Book Interview with Linda Lumsden

15 Sep 2021 7:06 AM | Autumn Lorimer Linford (Administrator)

Linda Lumsden is the author of Social Justice Journalism: A Cultural History of Social Movement Media from Abolition to #womensmarch.

Please introduce yourself and include your connections/role with AJHA. 

I’m Linda Lumsden, and I just retired from the School of Journalism at the University of Arizona, where for 15 years I taught courses in journalism history, journalism ethics, diversity in journalism, and social movement media. Before that I taught for ten years at Western Kentucky University.

I’ve been affiliated with AJHA since I was a graduate student in the 1990s at The University of North Carolina at Chapel Hill. I’ve found AJHA to be a friendly and nurturing community over the years. I’ve filled just about every role in the organization from presenting papers to serving on the Board of Directors. I’m most honored to have received the Maurine Beasley Award for Outstanding Paper in Women’s History for three consecutive years--a record, I believe. AJHA also has been instrumental in advancing my work by awarding me two Joseph Kerns Research Grants.

What drew you to your topic/time period? 

I’ve been studying advocacy media of the Progressive Era for thirty years. I’m drawn to its producers’ belief in the power of the word and facts as well as their passion for justice. Oftentimes these publications are the best exemplars of the journalistic mission to be a ‘voice for the voiceless.’ I started out as a student looking at how suffragists used the right of assembly to make their case, which of course led me to the suffrage press, particularly Alice Paul’s The Suffragist.

Inez Milholland kept popping up at the head of suffrage parades and, later, as the impetus for the White House pickets after she died while stumping for suffrage in California. Milholland dipped her toes in just about every Progressive movement of the 1910s, so I learned more about socialism, feminism, and other movements as I researched her biography. That led to a full exploration of the prewar radical press in Black, White, and Red all Over (2014).

How did your thinking in the development of your topic start and then lead to this publication? Did it stray? Did you make any sudden and unexpected turns? 

I studied the role of online news media and its “contentious journalism” in opening up political discourse in Malaysia when I was a Fulbright Scholar there during its 2013 election campaign. The connections between print and online advocacy media intrigued me. As were many journalists and scholars at the time, I also was reconsidering the meaning of journalism in the digital era. The Internet spawned a renaissance of what some call ‘activist journalism’ and a reconsideration of the elusive ideal of ‘objectivity.’

People seemed to think activist journalists were born on the Internet, so I wanted to demonstrate their roots in a venerable print culture of dissent that goes back more than a century. As I delved more into current digital mashes of journalism and advocacy, I wrestled with how to characterize the genre. The result was Social Justice Journalism.

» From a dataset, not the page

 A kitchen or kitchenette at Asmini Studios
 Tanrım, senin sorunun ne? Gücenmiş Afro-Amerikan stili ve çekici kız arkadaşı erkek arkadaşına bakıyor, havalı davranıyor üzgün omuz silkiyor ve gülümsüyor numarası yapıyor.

As the title indicates, I’m most interested in the aspects of journalistic social movement media, not its propagandizing. I argue facts can be powerful persuaders. To those who say real journalism is neutral, I have two words: Tucker Carlson.

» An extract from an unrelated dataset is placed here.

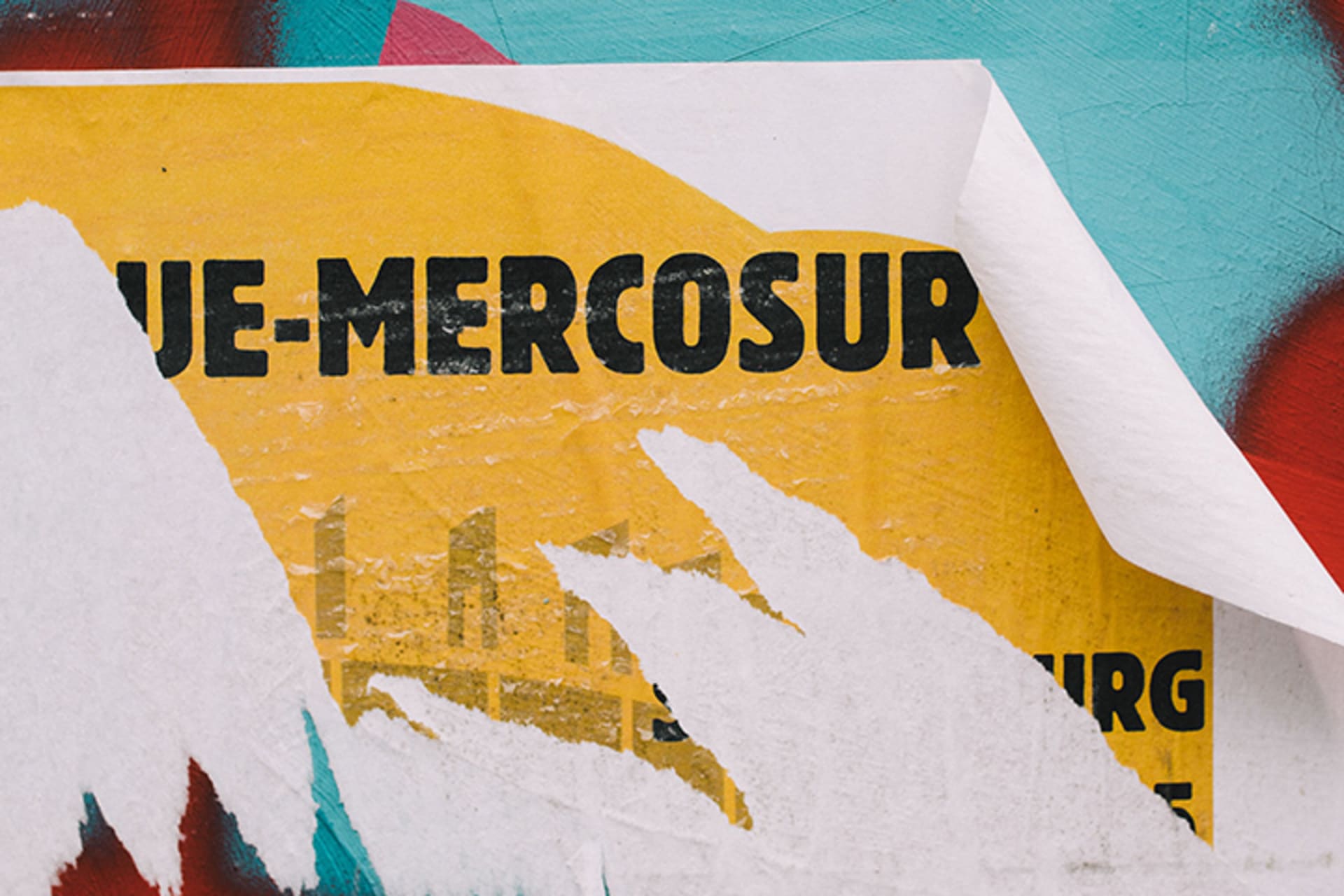 A poster about Mercosur is torn down in a street in Strasbourg, France.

What surprised you most about this project? 

The similarities in functions of 20th-century social justice journalism in print for with 21st century digital media. For example, I write about how the Black Lives Matter interactive website Mapping Police Violence, which documented 1,175 police killings in 2014, is a technologically advanced iteration of Ida Wells-Barnett’s documentation of terrorism against African Americans across the South in her 1892 pamphlet, Southern Horrors: Lynch Law in All Its Phases.

What did you find to be your biggest challenge in working your way to completion of your monograph? 

Conceptualizing and theorizing what actually comprises “social justice journalism.” Negotiating the amorphous lines between journalism and activism remains a challenge. I wrote the conclusion in 2019, when the so-called Trump Resistance Movement was in full swing. I focused on its use of the Internet to spread information, educate citizens, and inspire recruits, but in the end I have to confess its use of media veers more into electoral politics.

As an old print journalist, I found myself vexed by the general lack of print publications at the nexus of current social movements. For example, I questioned whether BLM could survive without at least an online periodical to serve as its institutional memory and maintain movement momentum. Well, I guess the answer is “Yes!”

What are you working on now? 

I just retired, and I spent 2020 coping not only with the COVID pandemic but cancer. I am eager to toss my mask and hop onto my bicycle instead of my laptop. I’m spending the summer visiting family and friends in the Carolinas, Vermont, and Colorado before returning to Tucson in autumn. Hikes, bikes, kayaks, and cocktails figure prominently in my itinerary.

What topic would you like to tackle next? 

After about a year’s sojourn from academia, I might like to return to more popular writing. I’m a big fan of books that combine travel/memoir/natural and cultural history. I’d love to write one.

Of course, I’m also closely observing how social movement media evolves. One of my favorite books this summer was Bearing Witness While Black: African Americans, Smartphones, and the New Protest #Journalism by Alissa Richardson. She does a fantastic job of exploring this form of social movement media.